Eyes on BAT Kenya as taxman probes Sh3.6b discrepancy

British American Tobacco (BAT) Kenya might soon find itself in a hot soup, if the allegations of tax evasion practice amounting to Sh$28 million (Sh3.6 billion) for the period between 2017 and 2018 and inconsistencies in its books of accounts where some Sh9.6 billion are in question, are found to be true.
This comes after Kenya Revenue Authority (KRA) Commissioner for Domestic Taxes department, through a statement to newsrooms stated that they are currently reviewing the findings of the report before taking an appropriate action.
“KRA takes these allegations seriously and is committed to upholding the integrity of Kenya’s tax system. We are currently reviewing the findings of the report and will take appropriate action. Our mandate is to ensure that all corporations operating within Kenya comply fully with tax regulations, and any evidence of tax avoidance or evasion will be addressed with the utmost urgency,” the commissioner said.

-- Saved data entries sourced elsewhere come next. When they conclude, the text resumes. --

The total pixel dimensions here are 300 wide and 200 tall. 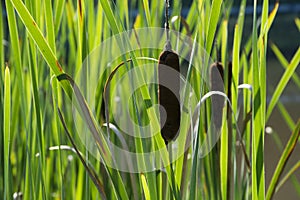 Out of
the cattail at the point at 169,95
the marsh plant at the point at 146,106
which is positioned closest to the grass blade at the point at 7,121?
the marsh plant at the point at 146,106

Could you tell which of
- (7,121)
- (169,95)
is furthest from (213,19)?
(7,121)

BAT Managing Director Crispin Achola on Tuesday refuted the claims, saying the company complies with all the guiding principles and that the figures issued in the report are inaccurate and misleading.
He said their books are usually audited by both the Company’s external auditor and the regulator, including the 2017 and 2018, fiscal years in question.

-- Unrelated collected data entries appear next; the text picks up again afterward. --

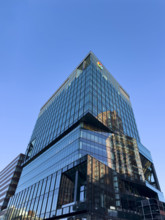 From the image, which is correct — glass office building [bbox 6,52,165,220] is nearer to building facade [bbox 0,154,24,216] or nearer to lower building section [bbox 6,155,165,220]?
lower building section [bbox 6,155,165,220]

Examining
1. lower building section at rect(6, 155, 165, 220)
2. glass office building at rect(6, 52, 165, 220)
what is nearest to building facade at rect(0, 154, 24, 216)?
glass office building at rect(6, 52, 165, 220)

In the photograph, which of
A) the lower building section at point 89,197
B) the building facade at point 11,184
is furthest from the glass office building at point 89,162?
the building facade at point 11,184

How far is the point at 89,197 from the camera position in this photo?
3008 centimetres

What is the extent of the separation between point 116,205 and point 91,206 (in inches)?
298

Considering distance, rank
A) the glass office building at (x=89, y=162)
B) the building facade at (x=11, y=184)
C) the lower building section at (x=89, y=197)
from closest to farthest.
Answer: the lower building section at (x=89, y=197), the glass office building at (x=89, y=162), the building facade at (x=11, y=184)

He however, acknowledged that in June 2024, BAT Kenya indeed received a request from The Investigative Desk for comments regarding the issues covered in the report but their queries did not reflect the methodology used to analyse BAT data.

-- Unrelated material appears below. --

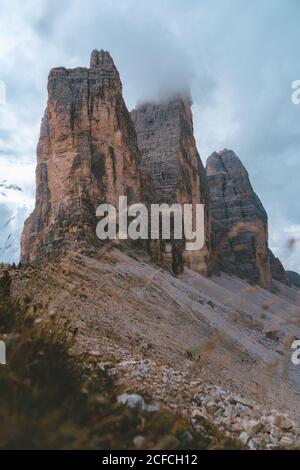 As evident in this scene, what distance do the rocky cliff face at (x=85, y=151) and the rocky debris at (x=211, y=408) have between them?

“BAT Kenya unequivocally and firmly rejects the allegations made, including those regarding the discrepancy between the company’s published financial disclosures and data referred to in the report. The company publishes its financial disclosures in its Annual Reports and audited Financial Statements in line with the applicable local regulations and international reporting standards,” he said.
Achola accused the journalists of publishing overstated figures, stating that it is currently weighing its options in regards to the impact of the allegations on the company.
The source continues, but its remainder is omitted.